Exercise description: Write out the line that holds "Dream Toys Blizgantis" together with every line that follows it to the end of the material below, exactly. Omit the pictures.

Information supplied:
■ ■ ■ ■ ■ ■ ■

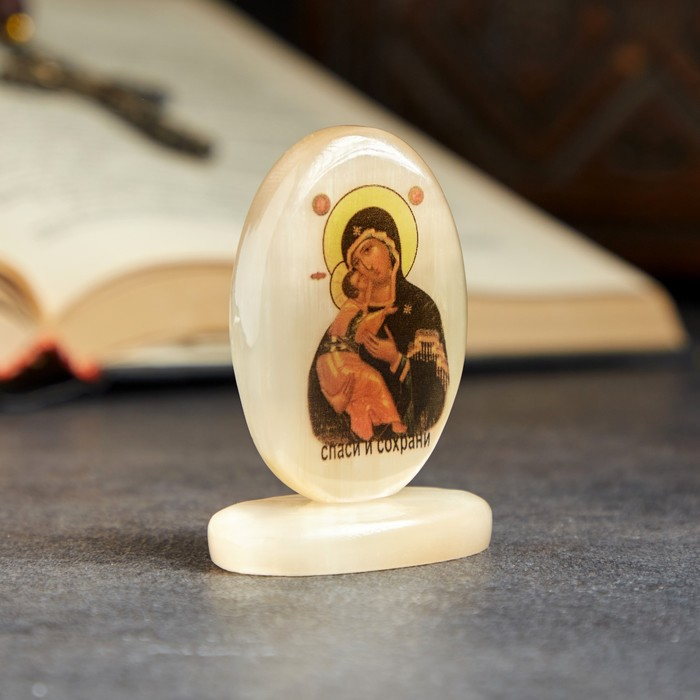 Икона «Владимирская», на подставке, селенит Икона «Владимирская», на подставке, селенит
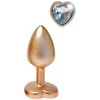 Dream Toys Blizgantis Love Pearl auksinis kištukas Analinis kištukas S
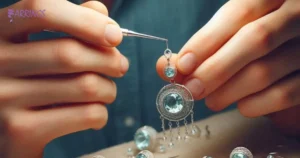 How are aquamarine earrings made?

■ ■ ■ ■ ■ ■ ■

Solution to the problem:
 Dream Toys Blizgantis Love Pearl auksinis kištukas Analinis kištukas S
 How are aquamarine earrings made?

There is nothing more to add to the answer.